# High Definition For you...?



## missasoup (Jan 23, 2008)

So I am a devoted MAC employee and fan alike. I recently discovered something amazing though... 

HIGH DEFINITION makeup...something mac doesnt have. Life happens in high definition right?!

*CARGO,* which is sold at Sephora's across the country is launching BLU_RAY makeup line which is for high definition filming. The pressed powder comes in only one color that fits even dark complexions suprisingly because it has revolutionary technology called "photocromatic pigments" So basically it adjusts to different lighting and it's like you're being photoshopped where ever you go. I have been using it for the past couple of shoots I've been on and it's AMAZING...fuller coverage with a natural payoff...just from a POWDER! It's oil free too!

There is a whole kit coming out at the end of january which includes a FULL SIZE: pressed powder, lip plumper quad(similar to lip fusion), blush highlighter(looks like orgasm but with photocromatic pigments), mattifier/primer, and a mascara... $59

I'm completely blown away by this innovative launch and felt the need to share with all of you.
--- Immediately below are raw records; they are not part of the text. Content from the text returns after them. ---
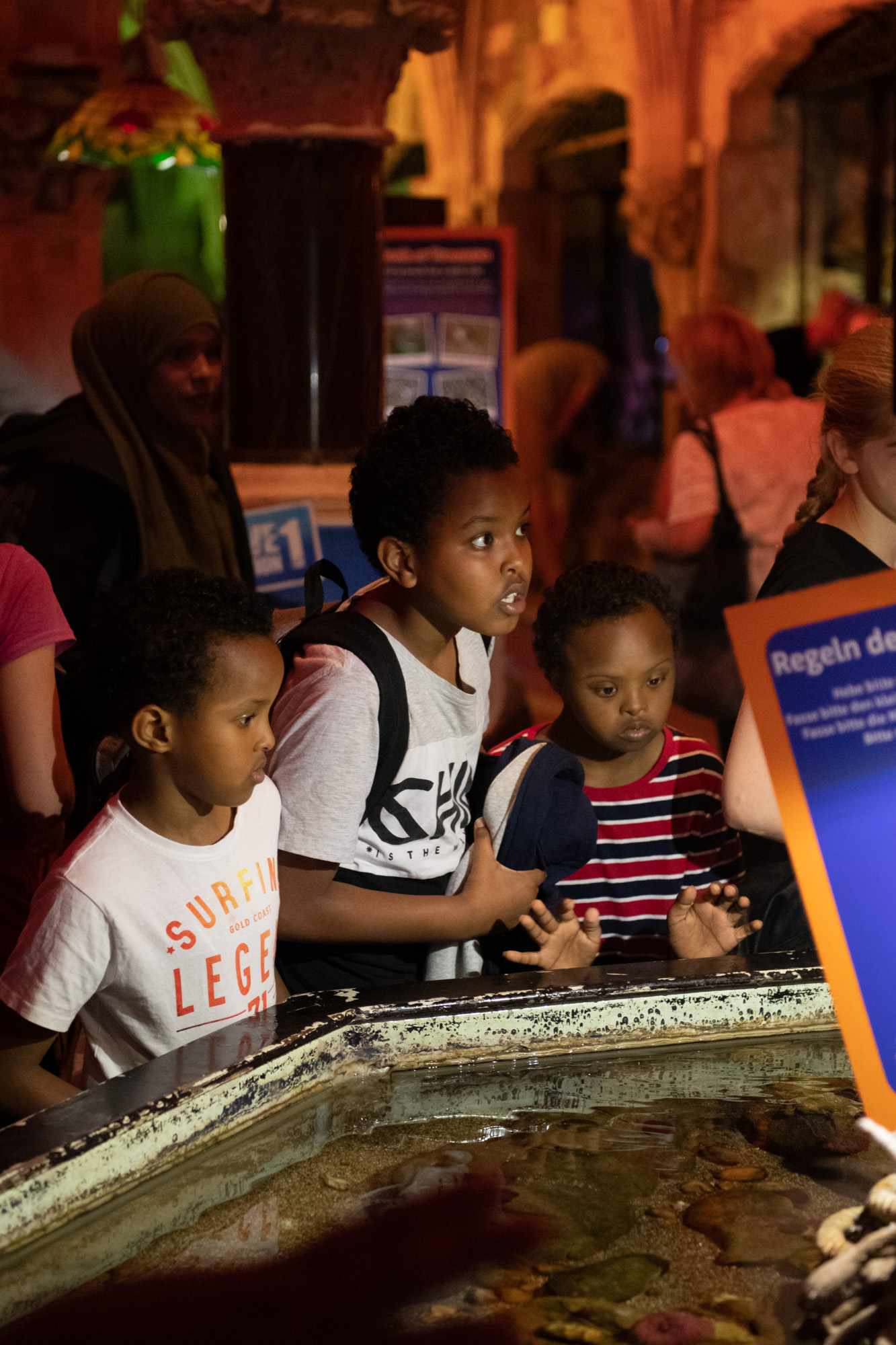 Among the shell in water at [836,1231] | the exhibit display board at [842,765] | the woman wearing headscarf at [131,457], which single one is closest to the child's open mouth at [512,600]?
the exhibit display board at [842,765]

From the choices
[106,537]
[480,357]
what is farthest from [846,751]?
[480,357]

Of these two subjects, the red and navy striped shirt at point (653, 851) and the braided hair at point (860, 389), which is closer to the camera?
the braided hair at point (860, 389)

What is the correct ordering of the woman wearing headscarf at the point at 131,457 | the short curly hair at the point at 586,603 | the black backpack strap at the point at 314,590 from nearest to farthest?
the black backpack strap at the point at 314,590
the short curly hair at the point at 586,603
the woman wearing headscarf at the point at 131,457

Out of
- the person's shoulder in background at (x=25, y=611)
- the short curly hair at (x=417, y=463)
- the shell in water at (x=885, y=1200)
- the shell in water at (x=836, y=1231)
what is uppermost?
the short curly hair at (x=417, y=463)

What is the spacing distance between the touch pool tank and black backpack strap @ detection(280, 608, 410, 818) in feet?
1.48

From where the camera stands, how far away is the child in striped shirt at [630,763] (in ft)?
8.46

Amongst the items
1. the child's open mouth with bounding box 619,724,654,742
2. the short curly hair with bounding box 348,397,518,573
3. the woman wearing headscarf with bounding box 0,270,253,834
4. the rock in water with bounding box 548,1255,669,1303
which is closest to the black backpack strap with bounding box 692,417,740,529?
the woman wearing headscarf with bounding box 0,270,253,834

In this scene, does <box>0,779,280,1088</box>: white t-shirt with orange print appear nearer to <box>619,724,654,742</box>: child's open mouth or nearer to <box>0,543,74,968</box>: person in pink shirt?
<box>0,543,74,968</box>: person in pink shirt

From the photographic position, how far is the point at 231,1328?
1254 mm

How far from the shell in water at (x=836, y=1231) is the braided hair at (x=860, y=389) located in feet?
3.88

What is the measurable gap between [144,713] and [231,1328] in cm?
95

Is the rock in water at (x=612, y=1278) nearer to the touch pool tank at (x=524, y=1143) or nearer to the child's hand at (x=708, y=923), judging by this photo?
the touch pool tank at (x=524, y=1143)

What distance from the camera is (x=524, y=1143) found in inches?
62.7

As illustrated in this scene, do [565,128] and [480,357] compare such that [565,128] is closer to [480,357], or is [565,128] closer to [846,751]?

Go to Sephora.com to check it out or your latest allure magazine which talks about it.


----------



## glam8babe (Jan 23, 2008)

i saw that on the sephora website and i wanted it straight away! too bad they dont ship to the UK


----------



## Krasevayadancer (Jan 23, 2008)

I saw this and am incredibly curious about it.


----------



## BlahWah (Jan 24, 2008)

That powder sounds amazing!


----------



## newagetomatoz (Jan 25, 2008)

This sounds reeaalllyyy appealing!  I really want to try this out now!!


----------



## kokometro (Jan 25, 2008)

I love it. I'm sure more companies will jump on this. I saw that Luminess Air system which looks very cool. This means that for those of us who aren't on camera for a living can still look excellent for our digital pics. I would love that so much!  I read that using your 187 for foundation makes you look airbrushed, and while that might be true, the cosmetic formula working with the camera is an exciting idea.


----------



## athena123 (Jan 25, 2008)

Ooh,thanks for sharing this - it looks like a fascinating set for a very reasonable price. I've been so intrigued with Cargo ever since I was introduced to their botanical lipsticks in the biodegradable tubes. When you're done with the lippie, bury the empty tube in your garden. It's made out of corn and contains wildflower seeds ready to sprout! 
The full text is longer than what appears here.